Although there are many paths to reproductive success, IVF is usually the fastest road to success. However, not all patients are thrilled about taking that road as the use of stimulation drugs can be intimidating to say the least. Our extensive experience in Natural Cycle IVF has been so encouraging that it makes one reassess how to counsel patients who are considering other options such as clomid/IUI or gonadotropin/IUI treatment cycles. Although our initial inclination was to encourage Natural Cycle IVF mainly in patients < 35 years old with well-defined fertility issues, our results suggest that success can be obtained in older patients and in those with unexplained infertility. Clearly pregnancy rates will be higher in patients < 40 years old but our current record holder was 47 years old with 4 failed stimulated cycle IVF attempts prior to achieving an ongoing pregnancy with Natural Cycle IVF. Go figure.
I spent over an hour on the phone with a reporter from NPR recently. She was very interested in Natural Cycle IVF and was considering running a piece on the topic. However, after speaking with some other local REs who were totally dismissive of Natural Cycle IVF she stopped answering my emails. Sad but true....good news doesn't sell papers or get listeners to stick with one radio station....and we believe that Natural Cycle IVF is very good news indeed!

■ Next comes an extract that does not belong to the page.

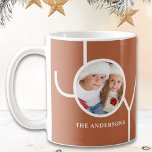 Taza De Café Navidades modernos foto de óxido<br><div class="desc">Esta moderna taza de Navidad está decorada con la palabra JOY en un fondo de óxido. Personalizable fácil con tu foto y nombre.</div>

So although the smug answer to the Question of the Day is that everyone needs IVF...they just don't know it yet.....here is a more balanced view.

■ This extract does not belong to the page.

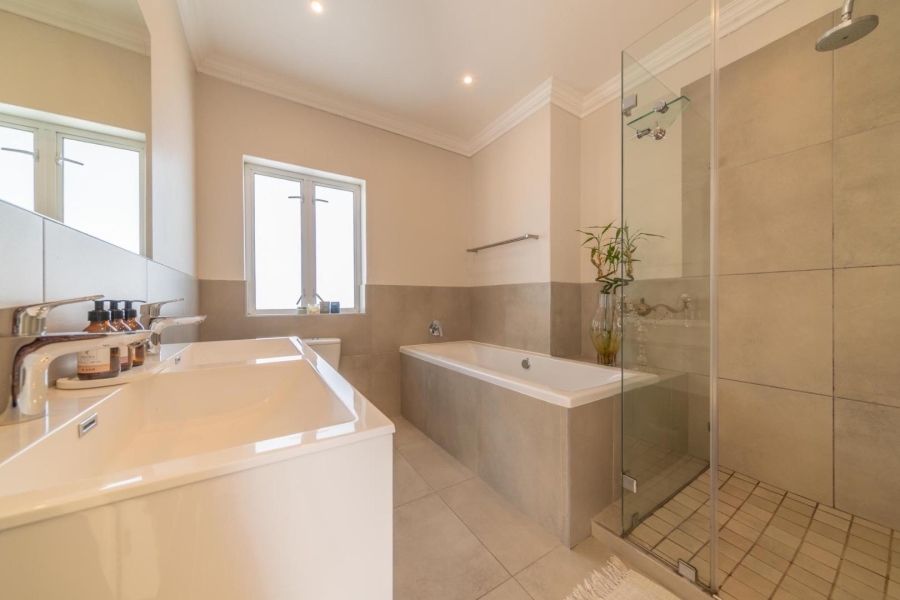 3 Bedroom Property for Sale in Koelenbosch Country Estate Western Cape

47. How do I know if I need IVF?
Not all patients need IVF or are good candidates for IVF. Thus the answer to this question can be determined only after you undergo a comprehensive infertility evaluation by your reproductive endocrinologist. Nevertheless, some situations clearly require the use of IVF. For example, women with absent or severely damaged fallopian tubes should be treated immediately with IVF. Likewise, IVF should be performed first if the male partner has very poor sperm quality. For other patients, the use of IVF may be less clear-cut, especially given that many different treatment options exist. In such cases, the doctor should discuss with the couple the pros and cons of each option, and then all parties should jointly decide on a treatment plan.